Your output should be the full listing, unchanged.

**Input data:**
┄┄┄┄┄┄┄┄┄┄┄┄┄┄┄┄┄┄┄┄
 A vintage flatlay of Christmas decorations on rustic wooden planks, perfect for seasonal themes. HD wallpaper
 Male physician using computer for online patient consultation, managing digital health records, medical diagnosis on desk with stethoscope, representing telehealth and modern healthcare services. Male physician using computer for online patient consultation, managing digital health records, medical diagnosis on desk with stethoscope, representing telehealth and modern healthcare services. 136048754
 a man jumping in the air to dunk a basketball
┄┄┄┄┄┄┄┄┄┄┄┄┄┄┄┄┄┄┄┄
**Result of this task:**
 A vintage flatlay of Christmas decorations on rustic wooden planks, perfect for seasonal themes. HD wallpaper
 Male physician using computer for online patient consultation, managing digital health records, medical diagnosis on desk with stethoscope, representing telehealth and modern healthcare services. Male physician using computer for online patient consultation, managing digital health records, medical diagnosis on desk with stethoscope, representing telehealth and modern healthcare services. 136048754
 a man jumping in the air to dunk a basketball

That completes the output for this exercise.